-- Opening Marker --

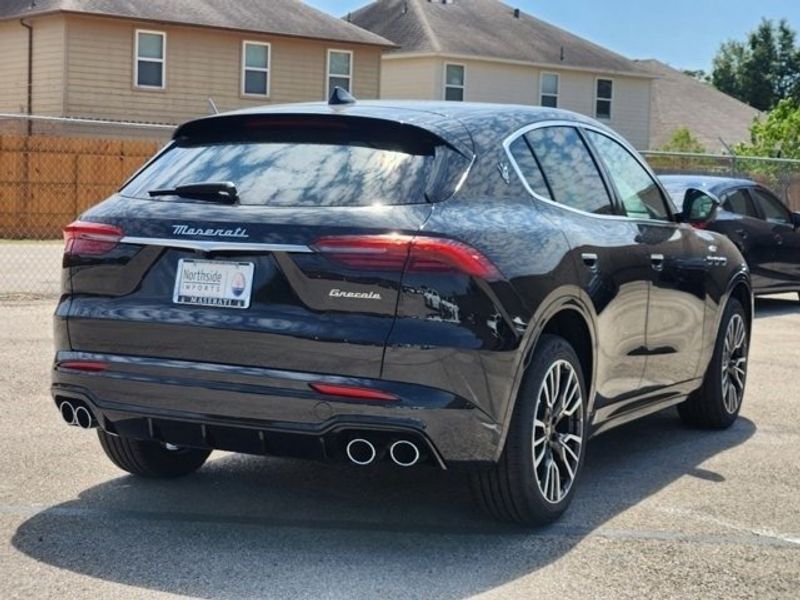 2023 Maserati Grecale GT in a Black exterior color and Greige/Greigeinterior. Northside Imports Houston 281-475-4549 northsideimportshouston.com 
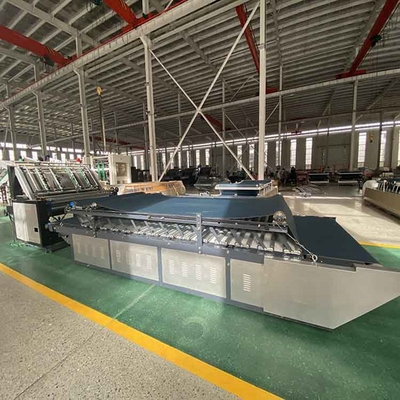 lado semi automático servo da máquina 6kw do laminador da flauta de 1600mm o único corrugou-se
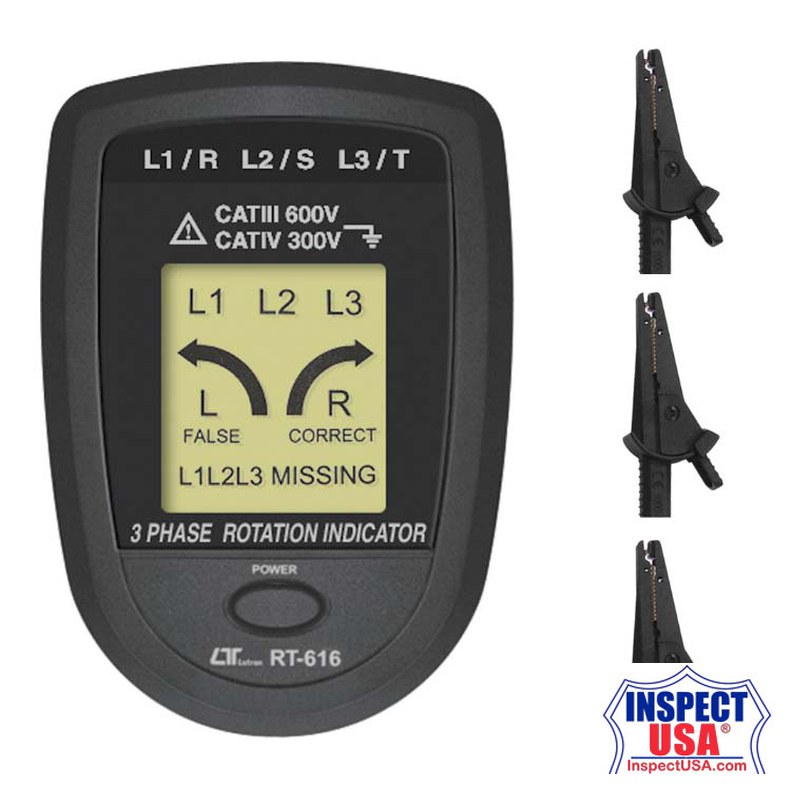 Lutron 3 Phase Rotation Tester (RT-616)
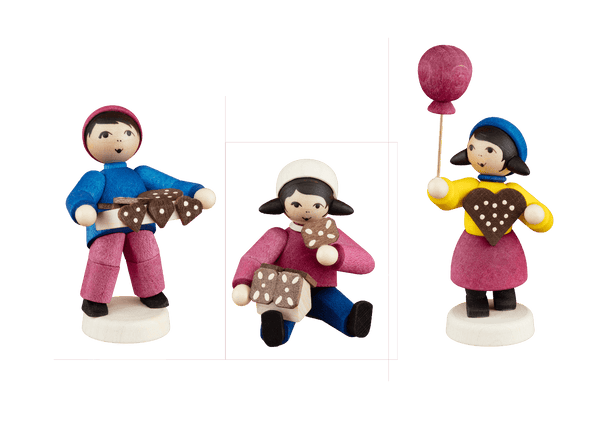 Kinder mit Pfefferkuchen 3-teilig gebeizt, Ulmik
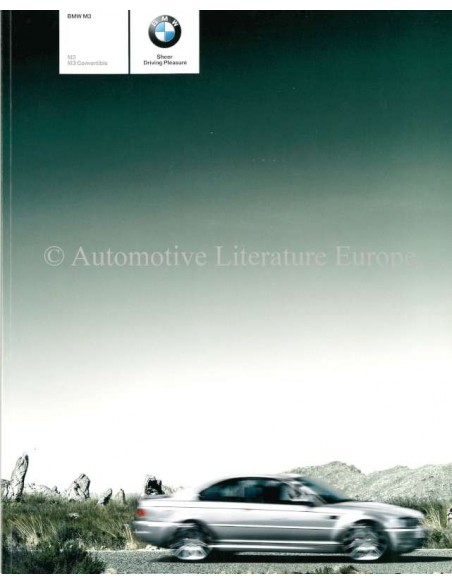 2005 BMW M3 PROSPEKT ENGLISCH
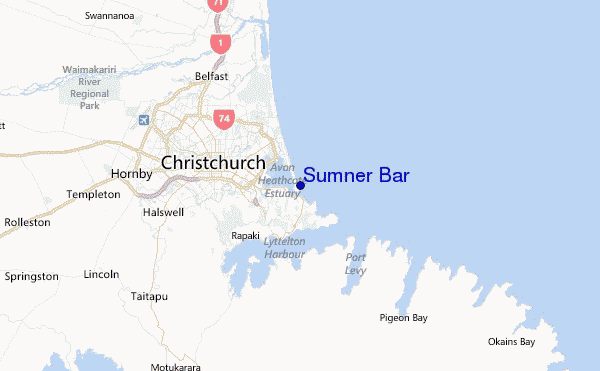 Sumner Bar Location Map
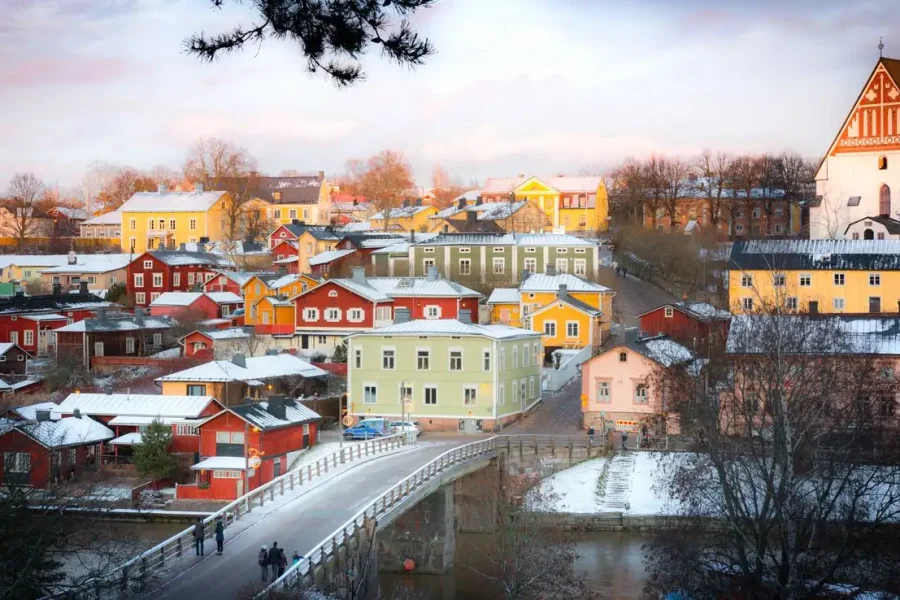 The wooden Old Town in Porvoo - 8 Days Finland in Summer of Lakes, Sea & Lapland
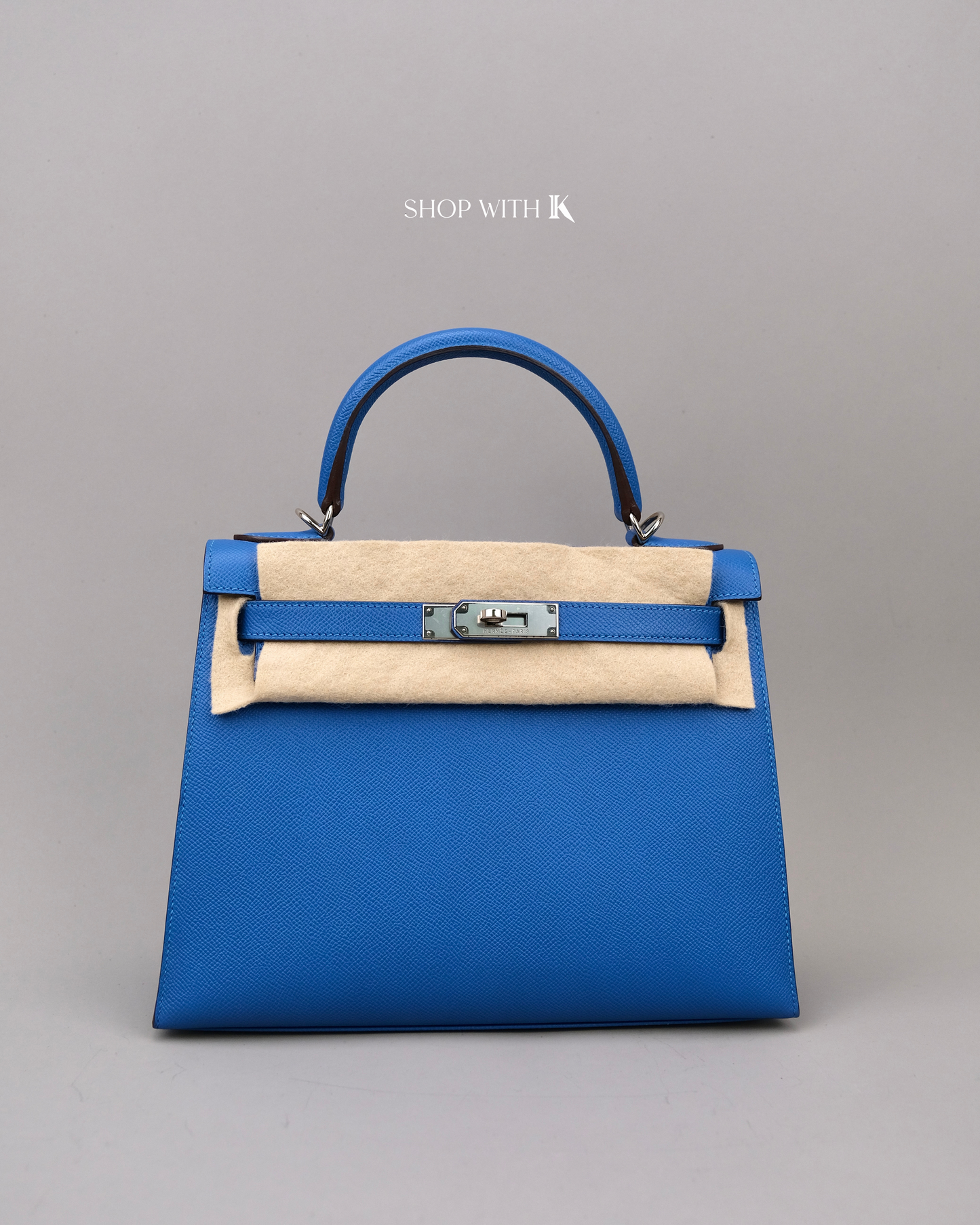 Hermes Kelly 28 Mykonos PHW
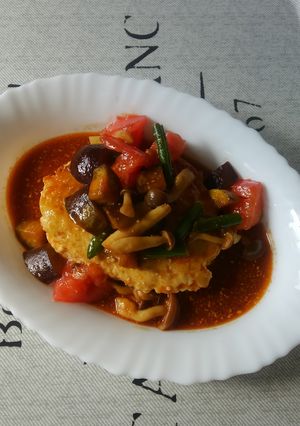 チーズイン！野菜のヘルシーバーグ♪-レシピのメイン写真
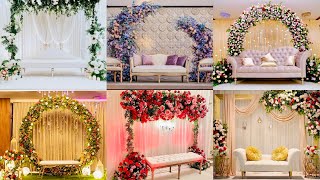 Make your wedding more beautiful with these decoration ideasunique wedding stage design2022 [upl. by Branham201]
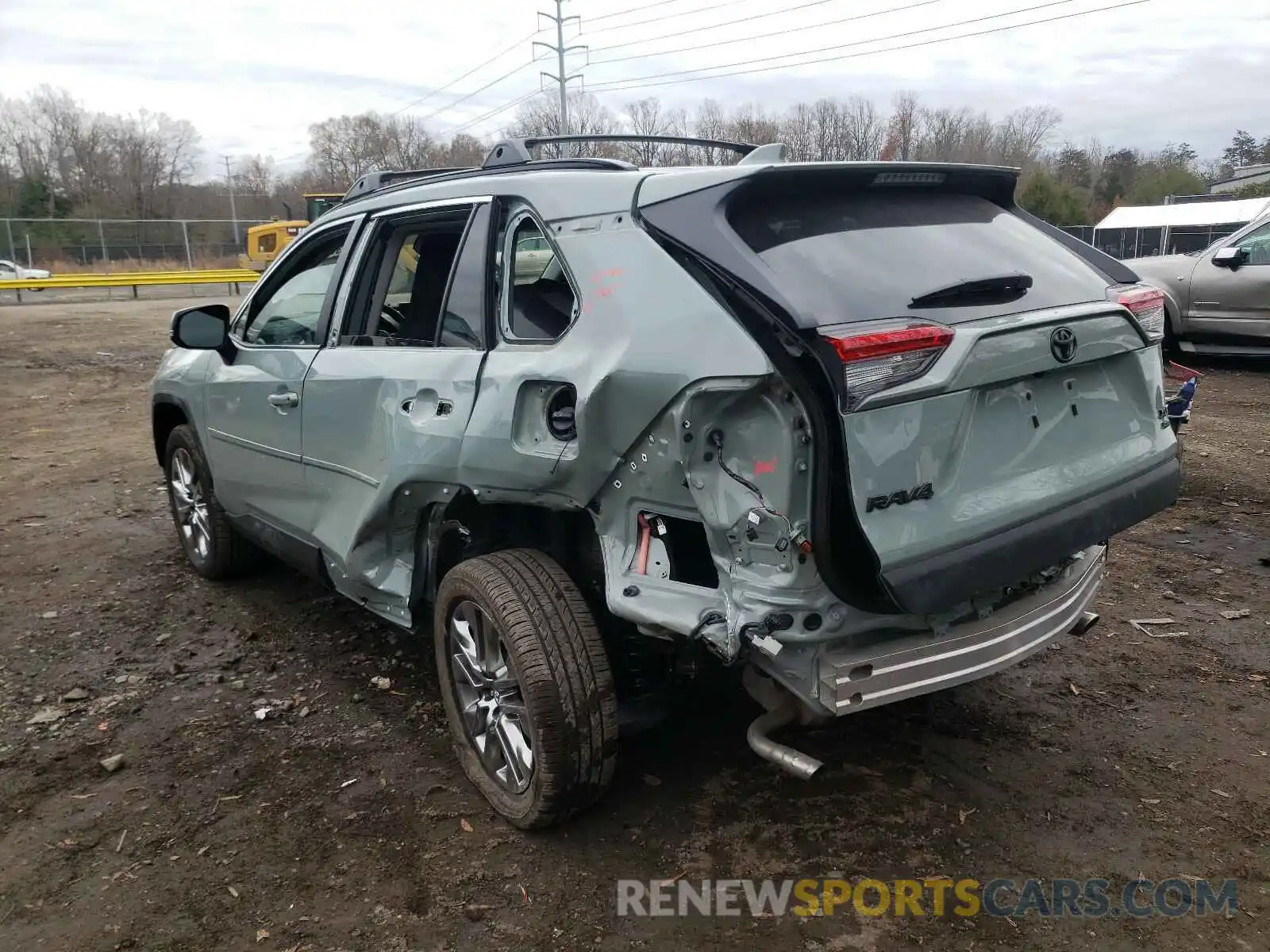 3 Фотография поврежденного автомобиля 2T3A1RFV4KC036783 TOYOTA RAV4 2019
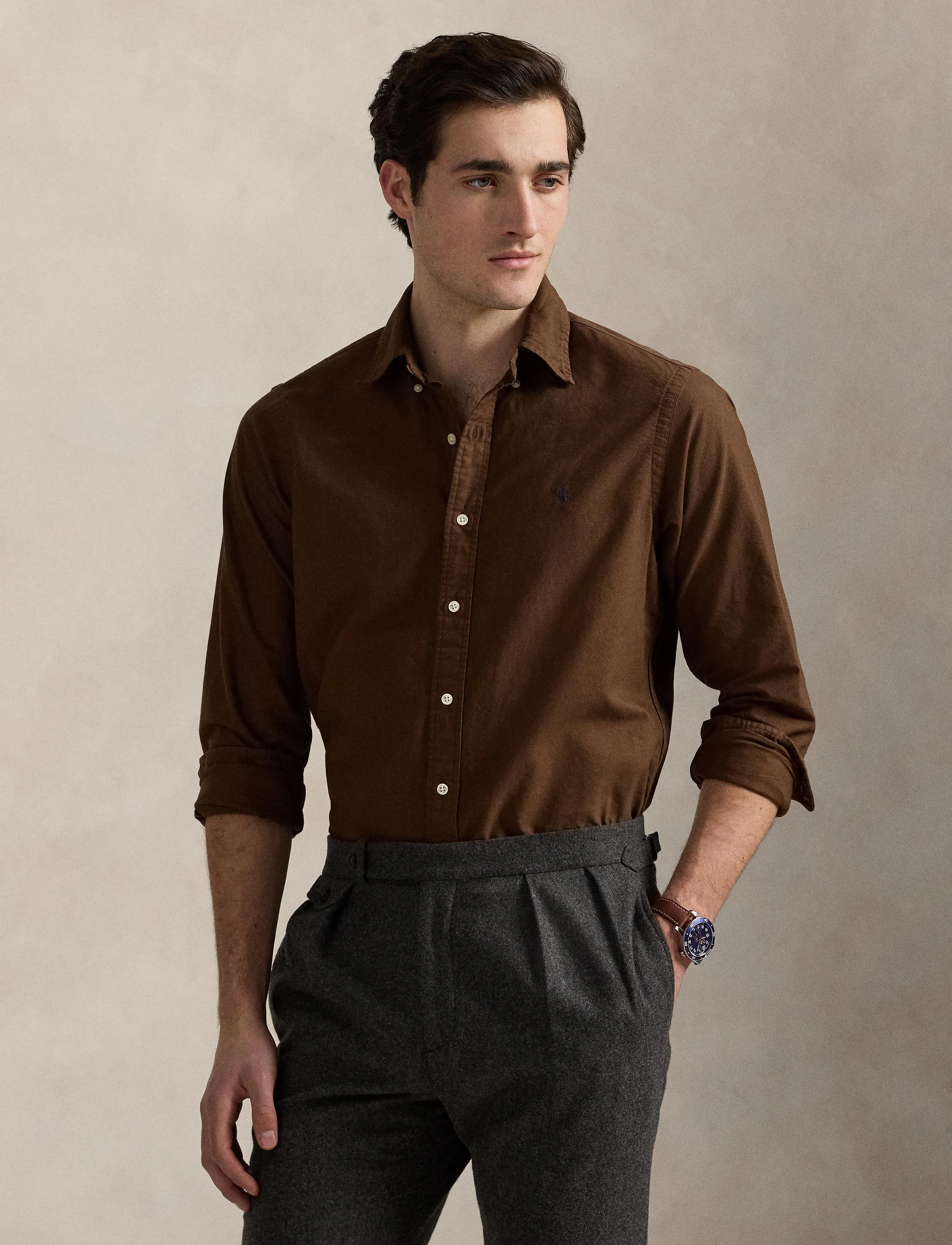Polo Ralph Lauren - GD OXFORD-CUBDPPCS - oxford skjorter - chocolate mousse - 3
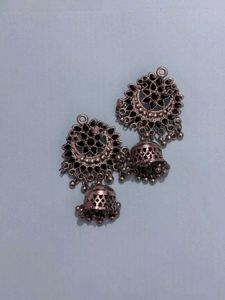 Oxidised Jhumka (Set Of 4)
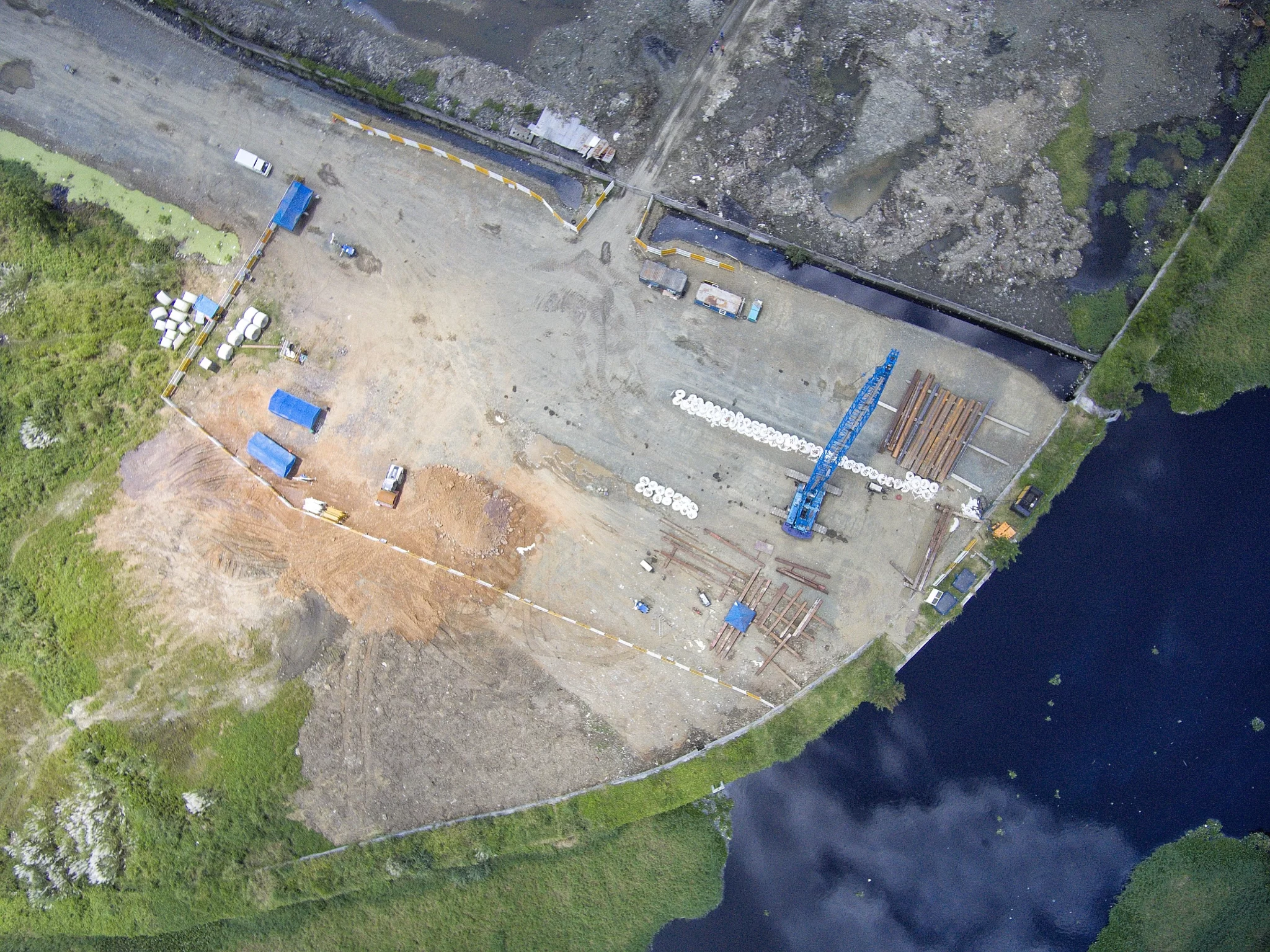 Drone surveying stockpiles Solar PV thermal inspection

-- Closing Marker --

--- What to produce ---
If pictures appear among the entries above, omit them; repeat everything else verbatim.

--- Your response ---
 2023 Maserati Grecale GT in a Black exterior color and Greige/Greigeinterior. Northside Imports Houston 281-475-4549 northsideimportshouston.com 
 lado semi automático servo da máquina 6kw do laminador da flauta de 1600mm o único corrugou-se
 Lutron 3 Phase Rotation Tester (RT-616)
 Kinder mit Pfefferkuchen 3-teilig gebeizt, Ulmik
 2005 BMW M3 PROSPEKT ENGLISCH
 Sumner Bar Location Map
 The wooden Old Town in Porvoo - 8 Days Finland in Summer of Lakes, Sea & Lapland
 Hermes Kelly 28 Mykonos PHW
 チーズイン！野菜のヘルシーバーグ♪-レシピのメイン写真
 Make your wedding more beautiful with these decoration ideasunique wedding stage design2022 [upl. by Branham201]
 3 Фотография поврежденного автомобиля 2T3A1RFV4KC036783 TOYOTA RAV4 2019
Polo Ralph Lauren - GD OXFORD-CUBDPPCS - oxford skjorter - chocolate mousse - 3
 Oxidised Jhumka (Set Of 4)
 Drone surveying stockpiles Solar PV thermal inspection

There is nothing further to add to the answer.